┌─ Data extracts

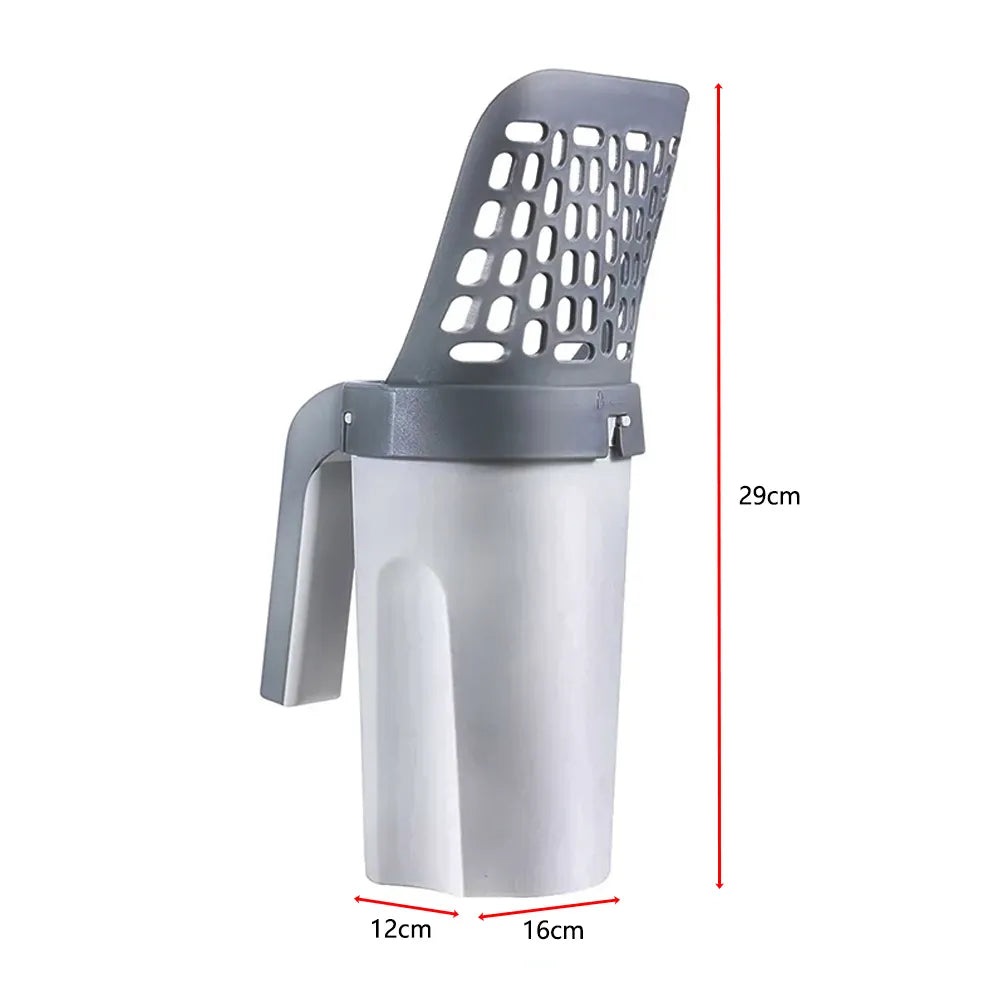 Purr-fectly Clean: Premium Cat Litter Scoop for Effortless Waste Management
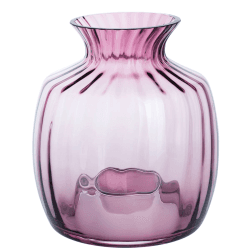 Image showing the Cushion Vase, H21.5cm, Heather product.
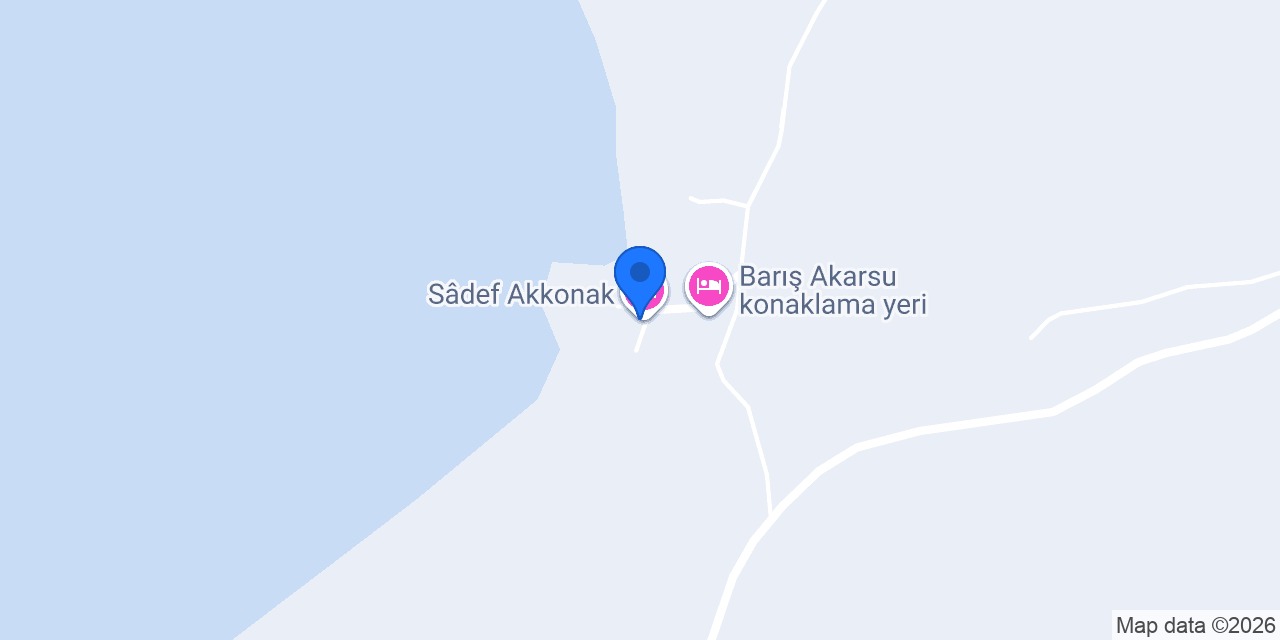 Sâdef Akkonak konumu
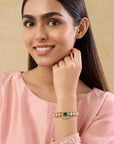 Mylae Kundan Bracelet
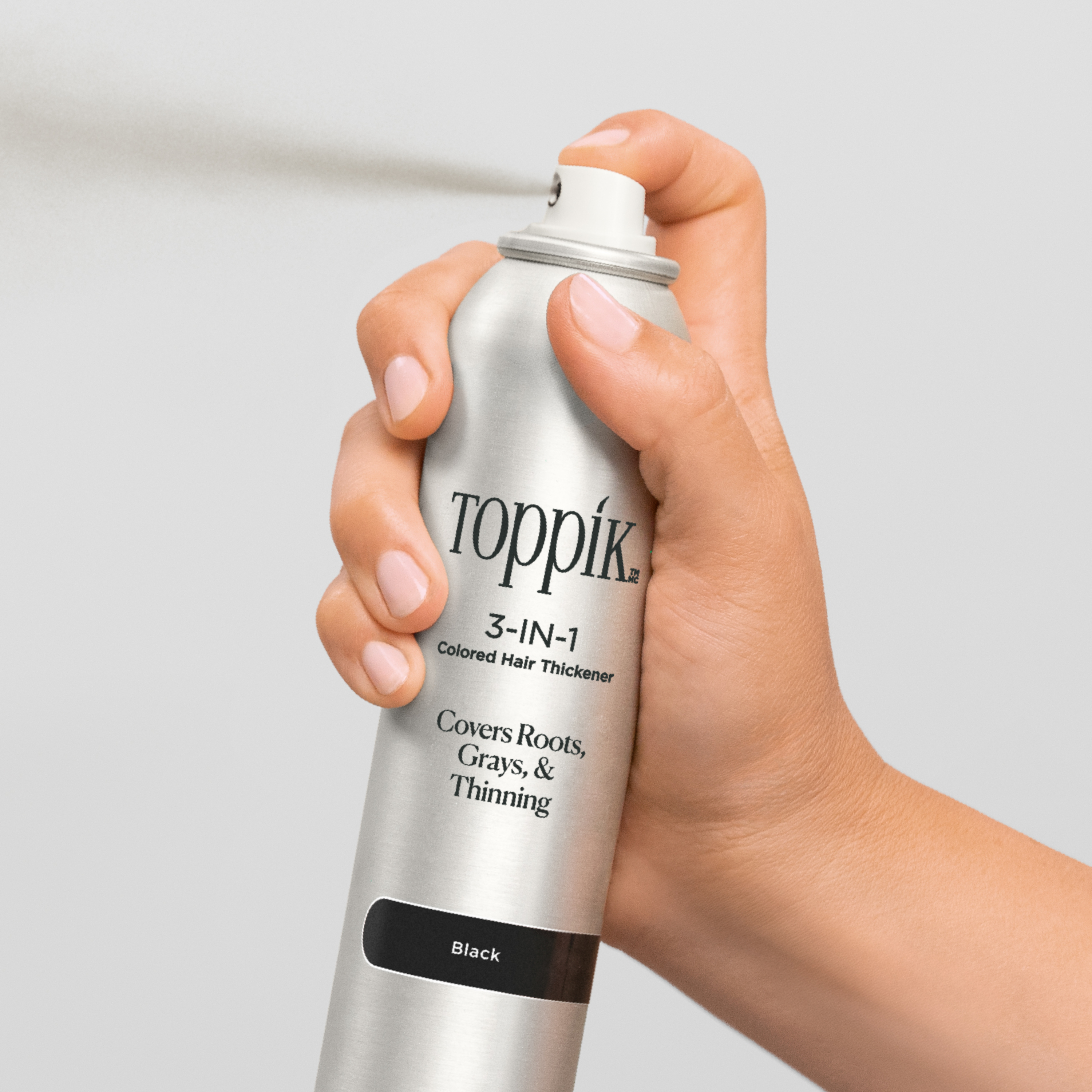 toppik-colored-hair-thickener-spray-colorant-densifiant image 6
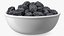 Bowl of Black Dry Raisins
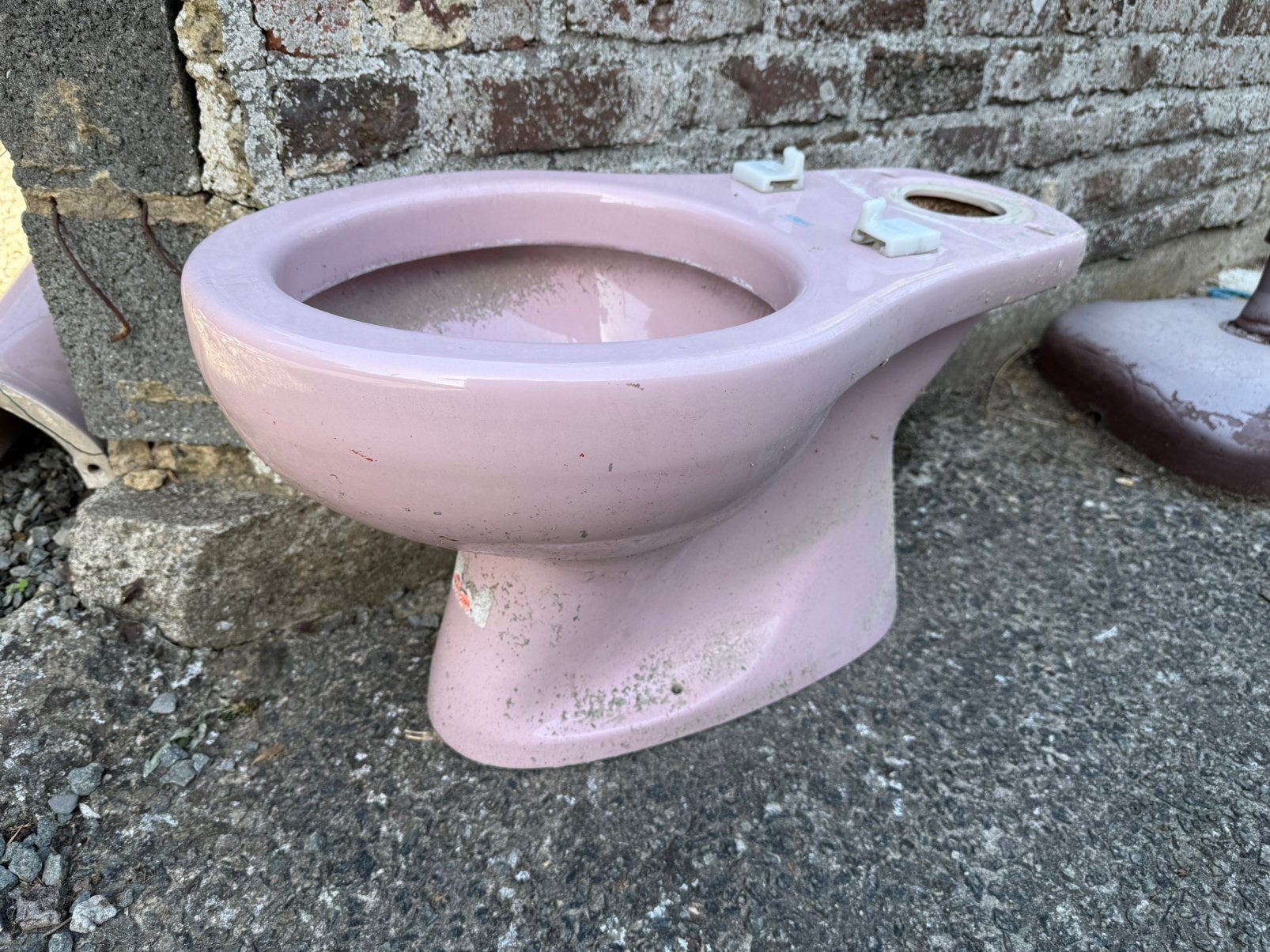 Toiletpot roze, Ophalen of Verzenden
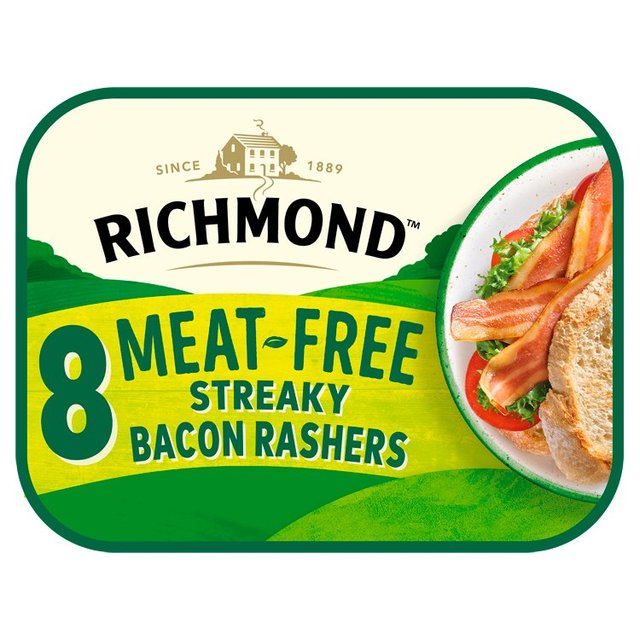 Richmond 150g Vegan Meat Free Bacon, 120g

└─

Problem to solve: Every record should be duplicated exactly, though any picture in it must be left out.

Result of the exercise:
 Purr-fectly Clean: Premium Cat Litter Scoop for Effortless Waste Management
 Image showing the Cushion Vase, H21.5cm, Heather product.
 Sâdef Akkonak konumu
 Mylae Kundan Bracelet
 toppik-colored-hair-thickener-spray-colorant-densifiant image 6
 Bowl of Black Dry Raisins
 Toiletpot roze, Ophalen of Verzenden
 Richmond 150g Vegan Meat Free Bacon, 120g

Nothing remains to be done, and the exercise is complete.